EXERCISE REQUIREMENTS: Range to reproduce from the entries below: the line with "Royal Heather Womens", the line with "illustrations, cliparts, dessins", and every line in between. Give them exactly and give nothing else.

RECORDS SUPPLIED:
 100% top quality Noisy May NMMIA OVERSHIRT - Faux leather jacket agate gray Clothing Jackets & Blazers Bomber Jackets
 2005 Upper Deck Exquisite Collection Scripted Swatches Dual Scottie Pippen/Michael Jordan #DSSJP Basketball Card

---

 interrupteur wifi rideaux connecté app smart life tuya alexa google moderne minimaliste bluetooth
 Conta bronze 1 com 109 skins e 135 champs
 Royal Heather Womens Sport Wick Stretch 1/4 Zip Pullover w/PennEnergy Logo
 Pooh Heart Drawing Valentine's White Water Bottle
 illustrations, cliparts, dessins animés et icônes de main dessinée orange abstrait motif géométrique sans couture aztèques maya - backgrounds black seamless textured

SOLUTION TO THE PROBLEM:
 Royal Heather Womens Sport Wick Stretch 1/4 Zip Pullover w/PennEnergy Logo
 Pooh Heart Drawing Valentine's White Water Bottle
 illustrations, cliparts, dessins animés et icônes de main dessinée orange abstrait motif géométrique sans couture aztèques maya - backgrounds black seamless textured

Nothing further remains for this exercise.